**Entries provided**
::::::

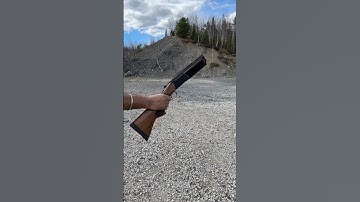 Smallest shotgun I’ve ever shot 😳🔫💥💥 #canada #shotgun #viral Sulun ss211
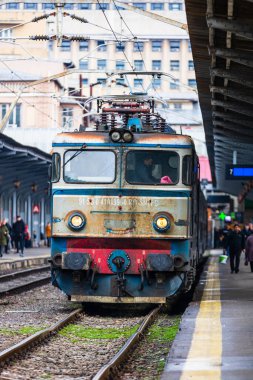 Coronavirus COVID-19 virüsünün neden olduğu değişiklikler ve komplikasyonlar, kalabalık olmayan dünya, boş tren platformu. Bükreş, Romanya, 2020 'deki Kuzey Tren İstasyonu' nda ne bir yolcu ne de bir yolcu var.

::::::

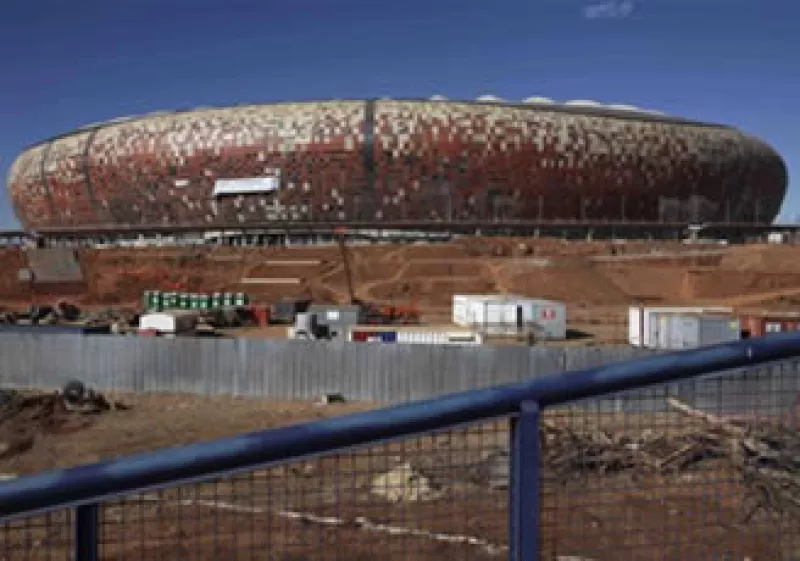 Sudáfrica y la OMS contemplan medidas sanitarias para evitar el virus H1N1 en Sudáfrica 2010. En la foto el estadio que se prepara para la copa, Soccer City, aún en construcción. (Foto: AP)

::::::

**Exercise directions**
Your task is to copy only the lines above starting at the one containing "Smallest shotgun I’ve" and ending at the one containing "Coronavirus COVID-19 virüsünün". Copy them exactly, both ends included, and omit the pictures.

**Written reply**
 Smallest shotgun I’ve ever shot 😳🔫💥💥 #canada #shotgun #viral Sulun ss211
 Coronavirus COVID-19 virüsünün neden olduğu değişiklikler ve komplikasyonlar, kalabalık olmayan dünya, boş tren platformu. Bükreş, Romanya, 2020 'deki Kuzey Tren İstasyonu' nda ne bir yolcu ne de bir yolcu var.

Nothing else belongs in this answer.